Use umount with binds

For a file system whose mount point is bound to a different directory, you need to mount its mount point and cancel the bind point.

Even if you detach the file system from its original mount point, it can still access the file system from its bound directory. The file system must also be unsubscribed from this directory.

  sudo umount / media / dave / isomnt 
  ls iso
  sudo umount iso 
  Is Iso 

  Providing bounded mount points in a terminal window

Deploying a diskette

A diskette drive (with a diskette inside) is a storage device. This means that an SD device file (for a storage device) is used to connect to the physical device. We need to determine what the next free SD device file is. We can do this by directing the output of df through grep and looking for entries with "sd".

  df | grep / dev / sd 

  Routing df with grep in a terminal window

This computer uses a single SD device file. This is / dev / sda . The next SD device file output is / dev / sdb . In other words, when we connect the floppy drive to the computer, Linux uses / dev / sdb to create a connection to the floppy drive.

We communicate mount to mount the file system on the diskette in the floppy disk drive connected with / dev / sdb to the mount point / mnt .

Insert the floppy disk into the floppy disk drive and connect the floppy disk to a USB port on the computer. Issue the following command:

  sudo mount / dev / sdb / mnt 

  Mounting a Floppy Disk Drive in a Terminal Window

File System Names

We can use the characters -l ] (label) option with mount to find out which label is attached to a file system. Labels are no more than any name. They have no functional purpose.

We use the option -t (type) to request mount to report only about vfat file systems. [19659015] mount -l -t vfat

  mount with the -l label option in a terminal window

The label is in square brackets at the end of the listing. The name for this floppy disk drive is NORTUN.

The floppy drive is accessed via the mount point / mnt .

  cd / mnt 
  ls 
  ls -l AMATCH.C 

  Contents of a disk in a terminal window

The disk contains source code files in C language. The date stamp of a file shows that it was last modified in October 1992. She is probably older than many of our readers. (Of course, the meaning of NORTUN as a term is lost in the fog of time.)

If we repeat our command df passed through the command grep to SD device files We will see that there are now two of them.

  df | grep / dev / sd 

  Routing df by grep with a floppy disk drive mounted in a terminal window

Our floppy drive is displayed as bound in / dev / sdb . The file system on the disk in the drive is mounted at / mnt .

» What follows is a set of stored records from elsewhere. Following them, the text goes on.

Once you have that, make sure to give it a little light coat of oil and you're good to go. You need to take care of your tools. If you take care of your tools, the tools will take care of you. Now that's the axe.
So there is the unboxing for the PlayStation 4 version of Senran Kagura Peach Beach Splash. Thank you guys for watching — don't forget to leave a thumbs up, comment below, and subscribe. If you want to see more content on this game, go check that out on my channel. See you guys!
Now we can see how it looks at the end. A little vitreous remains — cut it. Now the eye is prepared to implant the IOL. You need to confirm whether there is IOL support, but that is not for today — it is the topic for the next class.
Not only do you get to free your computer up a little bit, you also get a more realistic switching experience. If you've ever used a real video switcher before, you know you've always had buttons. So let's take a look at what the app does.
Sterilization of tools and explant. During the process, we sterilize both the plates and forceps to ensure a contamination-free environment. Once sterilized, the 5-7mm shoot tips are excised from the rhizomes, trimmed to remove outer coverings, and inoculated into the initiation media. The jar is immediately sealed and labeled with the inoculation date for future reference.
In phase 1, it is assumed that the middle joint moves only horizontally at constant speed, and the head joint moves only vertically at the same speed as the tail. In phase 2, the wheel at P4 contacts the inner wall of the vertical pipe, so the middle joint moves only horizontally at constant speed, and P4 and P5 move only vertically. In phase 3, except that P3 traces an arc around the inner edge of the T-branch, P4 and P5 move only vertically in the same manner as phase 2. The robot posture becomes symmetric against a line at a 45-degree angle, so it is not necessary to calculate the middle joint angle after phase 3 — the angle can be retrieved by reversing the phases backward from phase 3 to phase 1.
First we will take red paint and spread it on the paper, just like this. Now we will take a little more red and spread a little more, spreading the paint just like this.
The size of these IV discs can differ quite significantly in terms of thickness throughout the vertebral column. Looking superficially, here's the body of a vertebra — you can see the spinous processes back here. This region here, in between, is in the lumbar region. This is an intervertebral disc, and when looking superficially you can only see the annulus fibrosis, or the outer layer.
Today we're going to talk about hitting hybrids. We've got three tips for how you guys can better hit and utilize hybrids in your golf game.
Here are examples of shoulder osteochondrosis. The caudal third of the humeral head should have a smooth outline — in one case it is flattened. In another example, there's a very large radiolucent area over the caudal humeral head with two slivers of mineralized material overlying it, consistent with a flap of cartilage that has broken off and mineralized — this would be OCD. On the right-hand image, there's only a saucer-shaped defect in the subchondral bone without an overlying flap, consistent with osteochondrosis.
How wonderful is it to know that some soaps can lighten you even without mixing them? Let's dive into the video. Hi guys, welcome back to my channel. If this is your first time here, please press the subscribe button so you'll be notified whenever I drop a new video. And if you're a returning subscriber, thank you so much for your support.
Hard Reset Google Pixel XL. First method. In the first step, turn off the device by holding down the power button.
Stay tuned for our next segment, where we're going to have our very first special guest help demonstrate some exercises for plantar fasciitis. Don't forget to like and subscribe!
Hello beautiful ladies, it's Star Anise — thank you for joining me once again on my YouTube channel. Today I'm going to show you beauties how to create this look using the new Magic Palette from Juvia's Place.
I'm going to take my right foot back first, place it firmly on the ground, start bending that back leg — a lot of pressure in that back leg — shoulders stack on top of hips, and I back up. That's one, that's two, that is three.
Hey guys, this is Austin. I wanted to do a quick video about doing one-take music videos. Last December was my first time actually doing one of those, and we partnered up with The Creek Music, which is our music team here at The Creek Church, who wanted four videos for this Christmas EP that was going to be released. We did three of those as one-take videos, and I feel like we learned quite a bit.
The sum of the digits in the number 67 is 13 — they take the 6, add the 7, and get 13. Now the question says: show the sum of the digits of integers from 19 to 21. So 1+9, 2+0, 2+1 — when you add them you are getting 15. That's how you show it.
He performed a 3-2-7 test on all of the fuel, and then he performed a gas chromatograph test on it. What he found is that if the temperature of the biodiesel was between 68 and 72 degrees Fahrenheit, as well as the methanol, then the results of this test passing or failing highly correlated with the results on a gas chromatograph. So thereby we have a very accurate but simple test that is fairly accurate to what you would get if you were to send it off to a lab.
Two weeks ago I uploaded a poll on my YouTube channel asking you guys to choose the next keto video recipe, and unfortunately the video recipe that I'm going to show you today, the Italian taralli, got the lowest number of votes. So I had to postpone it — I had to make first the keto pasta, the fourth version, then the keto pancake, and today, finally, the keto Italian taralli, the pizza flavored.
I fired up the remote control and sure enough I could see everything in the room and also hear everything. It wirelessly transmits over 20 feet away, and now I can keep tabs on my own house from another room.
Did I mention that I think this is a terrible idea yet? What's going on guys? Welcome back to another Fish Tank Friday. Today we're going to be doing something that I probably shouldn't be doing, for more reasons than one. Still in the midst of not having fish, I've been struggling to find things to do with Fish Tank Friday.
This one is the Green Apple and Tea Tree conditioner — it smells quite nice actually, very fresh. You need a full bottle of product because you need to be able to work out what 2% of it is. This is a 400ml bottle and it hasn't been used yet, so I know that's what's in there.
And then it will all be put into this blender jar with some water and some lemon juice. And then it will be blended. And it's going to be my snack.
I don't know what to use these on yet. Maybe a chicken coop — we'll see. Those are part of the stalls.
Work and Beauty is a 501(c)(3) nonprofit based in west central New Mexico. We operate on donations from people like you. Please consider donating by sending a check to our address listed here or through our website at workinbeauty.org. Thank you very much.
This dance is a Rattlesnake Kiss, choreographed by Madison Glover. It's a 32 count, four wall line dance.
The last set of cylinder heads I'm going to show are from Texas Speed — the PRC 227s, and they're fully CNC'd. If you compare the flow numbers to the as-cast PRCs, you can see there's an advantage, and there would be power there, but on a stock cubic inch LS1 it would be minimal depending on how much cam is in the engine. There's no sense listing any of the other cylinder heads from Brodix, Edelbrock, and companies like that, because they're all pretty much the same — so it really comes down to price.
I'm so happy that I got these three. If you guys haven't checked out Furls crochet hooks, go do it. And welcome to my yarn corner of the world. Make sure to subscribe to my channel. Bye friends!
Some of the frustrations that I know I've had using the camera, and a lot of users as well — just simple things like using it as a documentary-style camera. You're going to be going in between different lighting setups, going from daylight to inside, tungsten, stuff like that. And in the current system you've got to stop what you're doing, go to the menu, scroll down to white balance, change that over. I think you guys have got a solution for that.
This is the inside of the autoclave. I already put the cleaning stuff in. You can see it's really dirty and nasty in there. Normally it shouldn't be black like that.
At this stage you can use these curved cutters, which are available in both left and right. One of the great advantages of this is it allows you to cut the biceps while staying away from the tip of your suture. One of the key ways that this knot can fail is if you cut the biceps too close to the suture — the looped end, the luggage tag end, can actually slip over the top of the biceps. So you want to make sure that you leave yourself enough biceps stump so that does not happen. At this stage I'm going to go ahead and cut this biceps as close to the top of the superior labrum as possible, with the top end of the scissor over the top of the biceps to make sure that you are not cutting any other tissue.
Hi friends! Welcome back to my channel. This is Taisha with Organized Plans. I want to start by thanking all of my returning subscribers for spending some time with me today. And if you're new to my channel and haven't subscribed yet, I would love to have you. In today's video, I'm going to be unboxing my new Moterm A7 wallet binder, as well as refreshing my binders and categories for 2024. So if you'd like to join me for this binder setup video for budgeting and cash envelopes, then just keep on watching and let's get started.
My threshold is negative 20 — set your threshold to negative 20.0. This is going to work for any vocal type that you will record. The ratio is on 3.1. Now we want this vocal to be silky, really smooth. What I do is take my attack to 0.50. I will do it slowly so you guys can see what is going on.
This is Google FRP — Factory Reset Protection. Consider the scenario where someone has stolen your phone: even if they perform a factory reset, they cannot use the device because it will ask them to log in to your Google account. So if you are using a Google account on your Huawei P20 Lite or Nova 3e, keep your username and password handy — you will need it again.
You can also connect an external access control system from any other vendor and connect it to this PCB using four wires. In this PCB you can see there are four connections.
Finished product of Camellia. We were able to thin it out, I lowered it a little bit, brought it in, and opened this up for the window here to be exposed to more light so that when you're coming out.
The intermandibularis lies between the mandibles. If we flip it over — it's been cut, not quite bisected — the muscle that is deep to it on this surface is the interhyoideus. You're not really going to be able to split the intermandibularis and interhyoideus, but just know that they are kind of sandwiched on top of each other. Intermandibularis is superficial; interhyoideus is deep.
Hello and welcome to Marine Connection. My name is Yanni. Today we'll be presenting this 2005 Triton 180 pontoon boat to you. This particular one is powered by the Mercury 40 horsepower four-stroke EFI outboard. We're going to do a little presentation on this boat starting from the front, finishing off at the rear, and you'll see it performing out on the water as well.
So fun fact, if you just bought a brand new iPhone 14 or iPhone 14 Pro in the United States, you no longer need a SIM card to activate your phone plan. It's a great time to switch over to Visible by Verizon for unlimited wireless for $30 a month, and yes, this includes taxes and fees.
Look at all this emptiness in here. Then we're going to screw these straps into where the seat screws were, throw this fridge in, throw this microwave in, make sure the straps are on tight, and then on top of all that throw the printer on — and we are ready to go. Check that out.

To stop mounting the floppy disk, we use umount and pass the device file as a parameter. [19659015] sudo umount / dev / sdb

  Unmounting a Floppy Disk Drive in a Terminal Window

The umount Lazy Option

What happens if you (or another user) use the file system when unmounting? it? Unpairing fails.

  sudo umount / dev / sdb 

  umount fails in a terminal window

The user's current working directory is in the file system he is trying to provision. Linux is so smart that you do not lose sight of the branch you are sitting on.

To overcome this, use the option -l (lazy). This causes umount to wait until the file system can be safely unmounted.

  sudo umount -l / dev / sdb 
  ls 
  cd ~ 
  ls / mnt [19659142] umount -l lazy option in a terminal window " width="646" height="262"/> 

Although the command umount is issued, the file system is still mounted, and the user can list the files as usual.

Once the user changes the directory to its home directory, the floppy file system is freed and the provisioning is revoked. Attempting to list the files in / mnt does not yield results.

Mounting a Samba Share

Samba is a set of software services that can be used to interchangeably share network shares between Linux and Unix-like operating systems and Windows operating systems.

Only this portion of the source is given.